What needs to be done
What you return should match the data word for word, minus the images.

Source material
=====

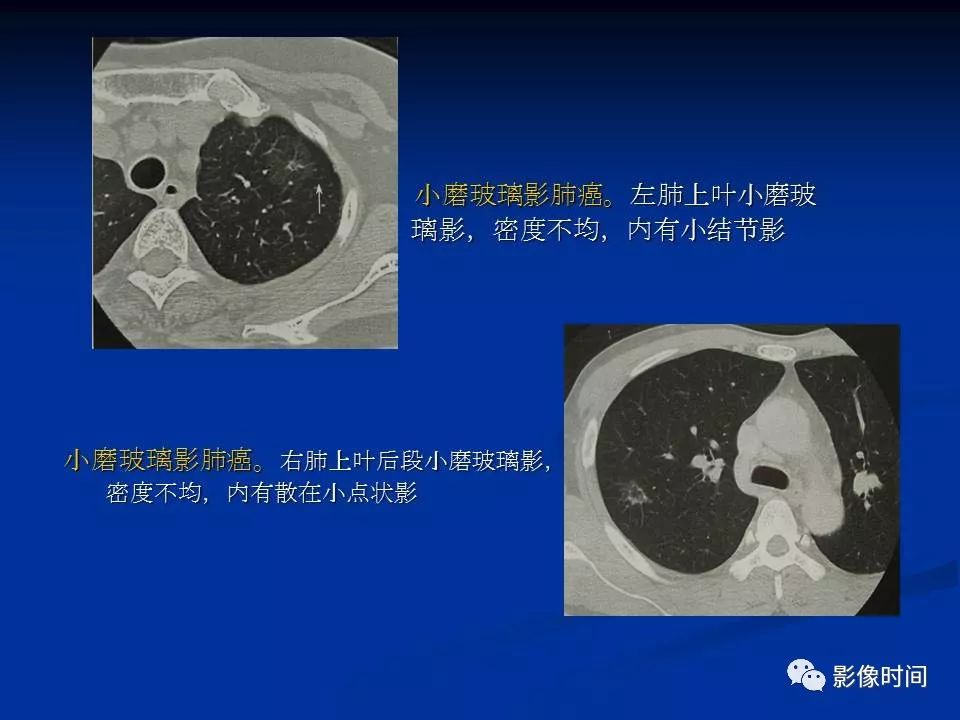 【PPT】肺内磨玻璃影的CT诊断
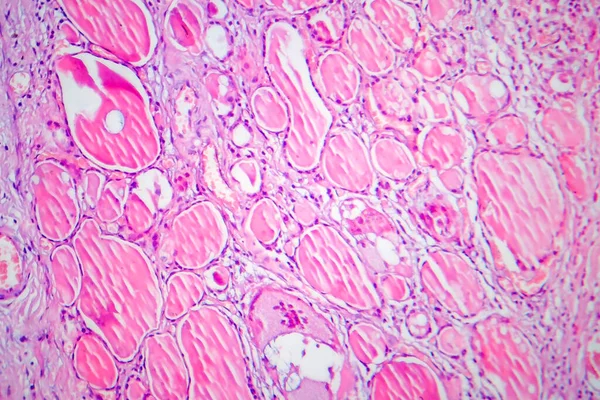 Vezelachtige Schildklierontsteking Lichtmicrograaf Foto Onder Microscoop Een Ziekte Gekenmerkt Door — Stockfoto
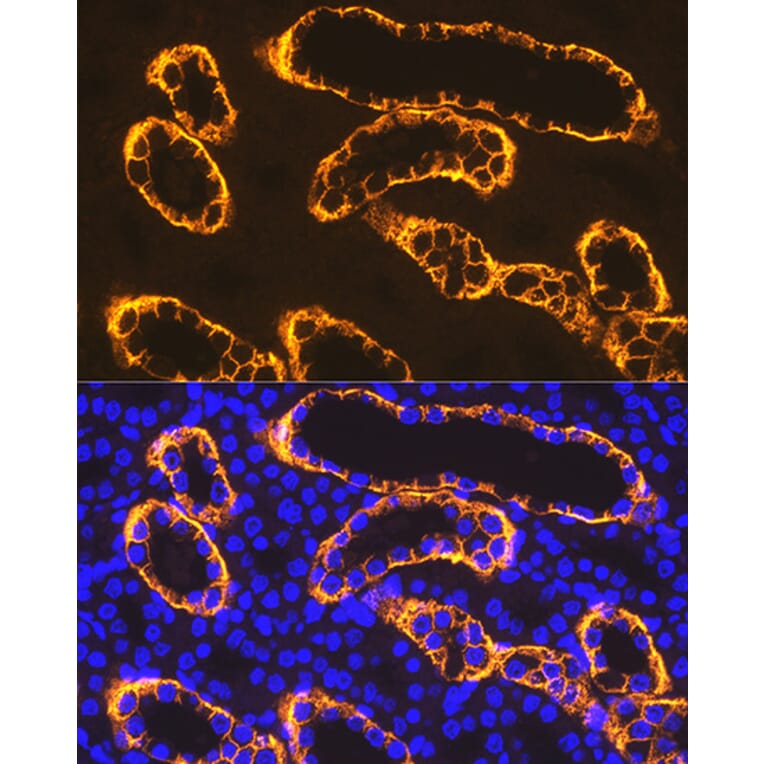 Immunofluorescence - Anti-PDZK1 Antibody [ARC1334] (A305687) - Antibodies.com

=====

Written response
 【PPT】肺内磨玻璃影的CT诊断
 Vezelachtige Schildklierontsteking Lichtmicrograaf Foto Onder Microscoop Een Ziekte Gekenmerkt Door — Stockfoto
 Immunofluorescence - Anti-PDZK1 Antibody [ARC1334] (A305687) - Antibodies.com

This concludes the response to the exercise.